Posts Tagged ‘couclelis’

Storytelling and integrated land-use models

Friday, March 30th, 2012

Clouclelis (2005) outlines the rethinking of integrated land-use models by orienting the article around three main roles that are interconnected: scenario writing, visioning, and storytelling. The details of the article more than suffice the upsides and downsides of urban planning history with regard to the computational and spatial planning world. The one role that intrigued me the most was that of storytelling. Storytelling, according to the article, strives to “build consensus by presenting particular desired or feared future developments in terms meaningful enough to be credible to non-specialists” (1354). I believe it to be a significant connection between qualitative, and quantitative attributes of planning systems. Clouclelis notes that there is much room for “interpretation and facts” derived from models, however planning emphasizes interpretation and values, a much more arbitrary combination (from a scientific stance anyways). There is a specific comfort that we find when relying on facts rather than values. The concreteness makes them somehow more plausible and tangible than individual intentions and agendas, hence having “models codify uncertain knowledge” (1359). We hold planning accountable for a particular outcome. We expect it to “lead to certain action” (1359). The pressure only accelerates on planning to provide solutions to problems at hand. If we eliminate the jargon in expert language to enhance meaning to implemented models for the non-expert, we should develop methods that are creative, and can facilitate the process of finding a balance between non-specialist, and specialist interaction. What can we learn from both camps? In my opinion, storytelling in itself is not enough to be evocative. The way we tell it has to be compelling. Ideas, experimentation, and actions by means of imagination and sharing, can be significant contributions to successful storytelling.

Another problem I want to address is the lack of clarity of what type of planning support system is indeed necessary, and in need of support (1355). The individuals, groups and communities involved all hold multiple agendas. “At the metropolitan level, transportation, commuting, growth, and sprawl cannot be addressed by one community without direct implications for several others” (1358). Will it ever be possible to address everyone’s needs? Is that feasible, realistic or practical? If that is not an option, will compromise be enough for a potential solution? Or will it be inevitable that certain groups’ requests will be sacrificed and overlooked?

-henry miller

Agent-Based Models and Land-use Planning

Thursday, March 29th, 2012

I couldn’t help think about our lecture on agent-based modeling when I started to read Helen Couclelis’s article on coupling better models with land-use planning. I know that, here, Couclelis is thinking about a different kind of modeling than that often implied in agent-based modeling approaches. She first notes how “sour” the relationship between planning and the academy has gone (135). Then, after detailing the debate over whether or not a planning process utilizing models has any effect on actual land-use plans, Couclelis delves into how, in practice, actual physical planning has become a decentralized activity that doesn’t incorporate strategy (1357).
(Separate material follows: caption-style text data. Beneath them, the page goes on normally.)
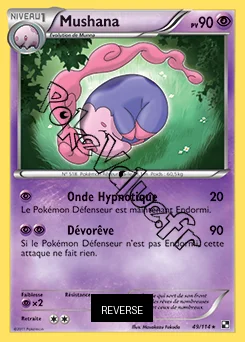 Carte Pokémon Mushana Reverse n°49 de la série Noir et Blanc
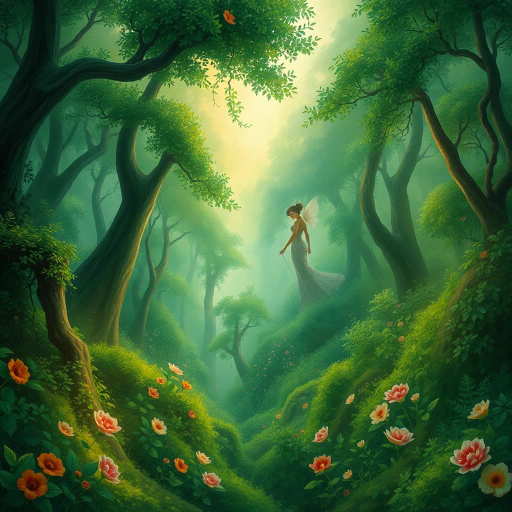 lush verdant landscapes, mystical forests, ethereal light, vibrant greens, Claude Monet influences, Art Nouveau elegance, intricate floral patterns, whimsical creatures, serene ambiance, surreal perspectives, flowing movement, enchanted realms, detailed foliage, rich textures, organic forms, impressionistic brushstrokes, harmonious color palettes, magical realism, depth and layering, dynamic composition, mythical worlds, dreamlike quality, nature's splendor captured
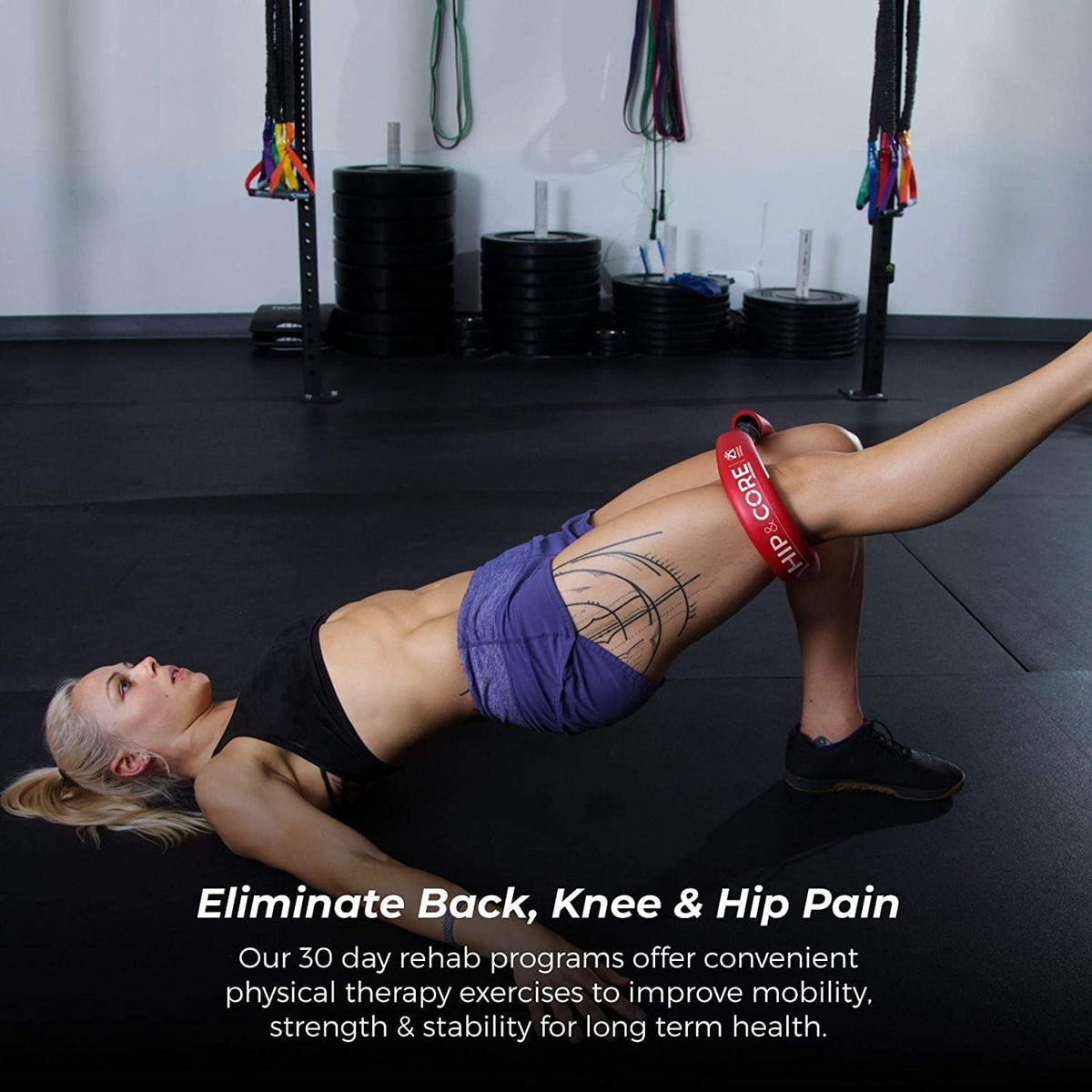 Crossover Symmetry Hip & Core System - Loop Resistance Home Workout Bands to Stretch and Strengthen Legs, Butt, Hips, Thighs and Glutes, Includes Online Exercise & Training Guide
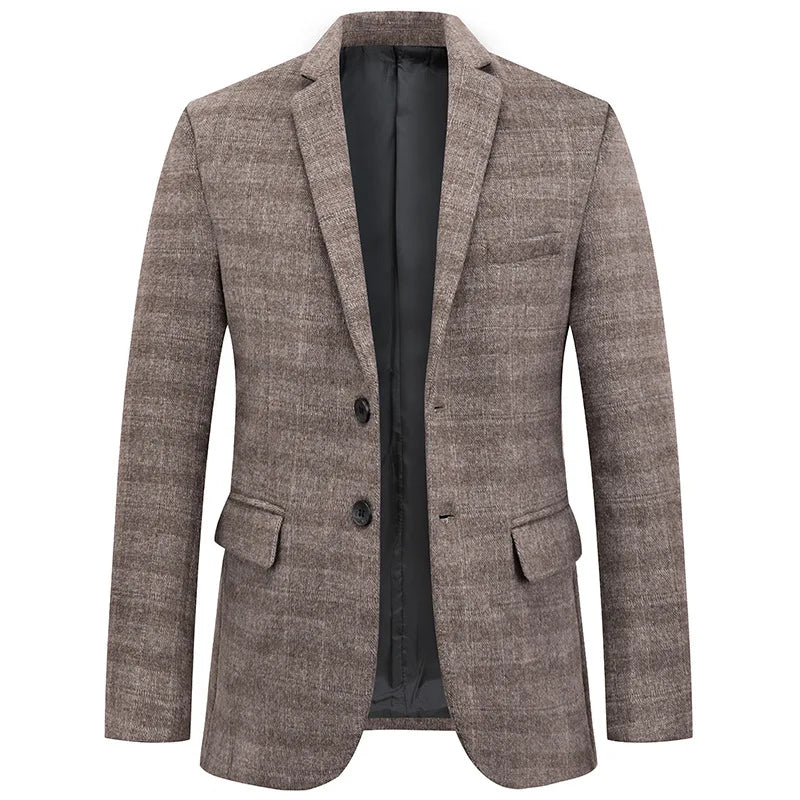 Men's Blazer Gray Khaki Elegant Versatile High-Quality Fabrics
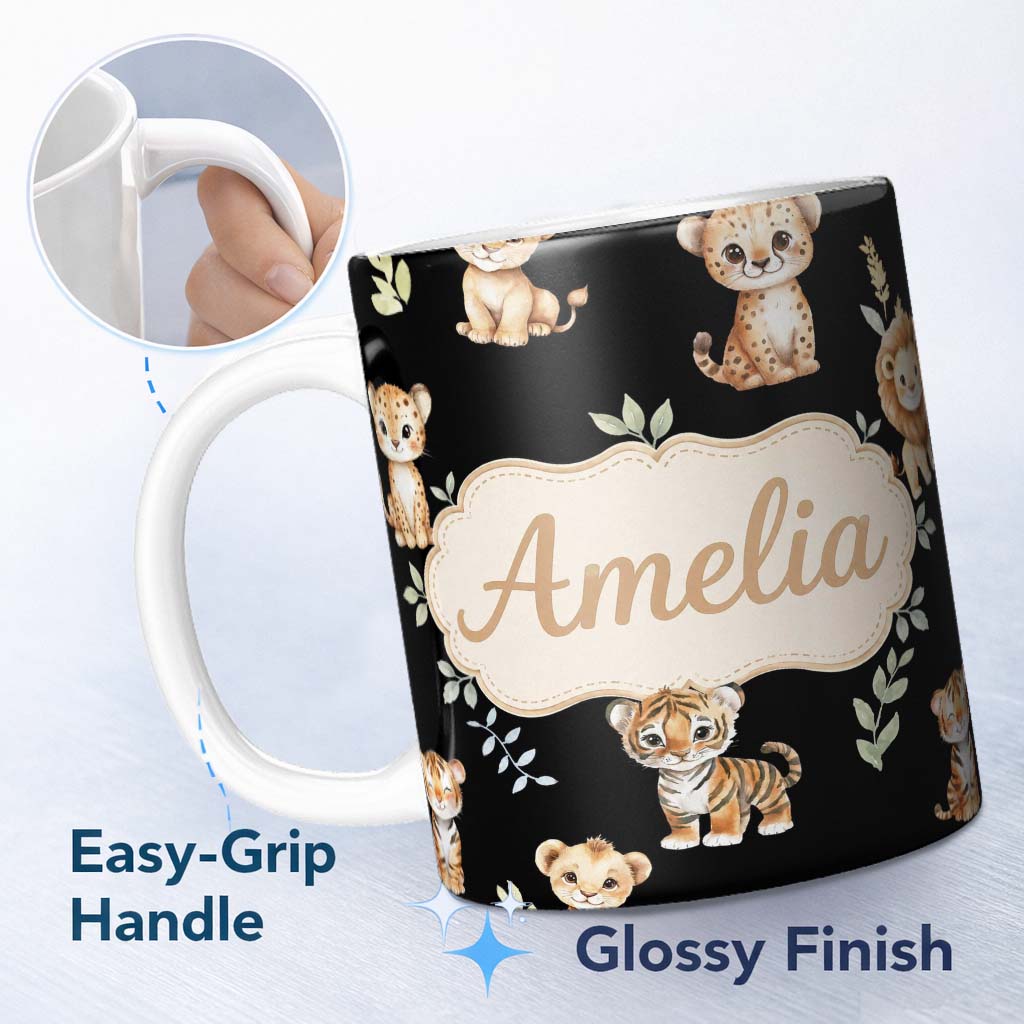 Personalized Custom Name Adorable Baby Jungle Animals with Leaves on Black Background Lovely 11oz Ceramic Coffee Tea Mug White Large Handle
I get it and I agree. The work being done on the ground, at least in North America, Couclelis argues no longer resembles any of the model runs done in academia. I think the quote Outdoor Addict utilized from the article sums up this problem well. In sum, the models have failed to predict the future accurately enough or, at least, keep up with land-use in practice. Even the “systematic effort to understand what makes certain things about the future predictable and others not, or how to prepare for genuinely unpredictable futures, have so far had only a negligible impact on land-use planning and modeling” (1360). So, what do we do?

Perhaps this is the problem inherent in any modeling process. We do not know that the future will follow the path layed-out in a model. We do not even know that the models initial parameters catch all the various variables and their interactions. Clearly, although she doesn’t say it quite so directly, modelers in this field are struggling with this problem. As Madskiier_JWong points out, uncertainty is the name of the game when it comes to modeling or trying to predict the future (essentially what modeling is when you unpack all its sophistication).

My suggestion: perhaps this is where agent-based modeling might come in. It seems from our previous lecture that agent-based modeling excels at representing lots of competing variables (or agents) and representing the emergent phenomenon that result from their disparate actions. In a land-use context, this might help us to better understand how certain sites might be used in future years and how they might handle such use. Couclelis does suggest this approach on page 1369 when she talks about assessing the cognitive and social dimensions of model interpretation so that modelers can move away from the macro level they currently operate on. Yet, she doesn’t devote much time to it, and such an approach  doesn’t fit within the confines of models she describes that try to predict varying types of land-use cover and changes to infrastructure. But it may add a valuable dimension. A quick search online shows that many people are, indeed, already trying to couple these two ideas.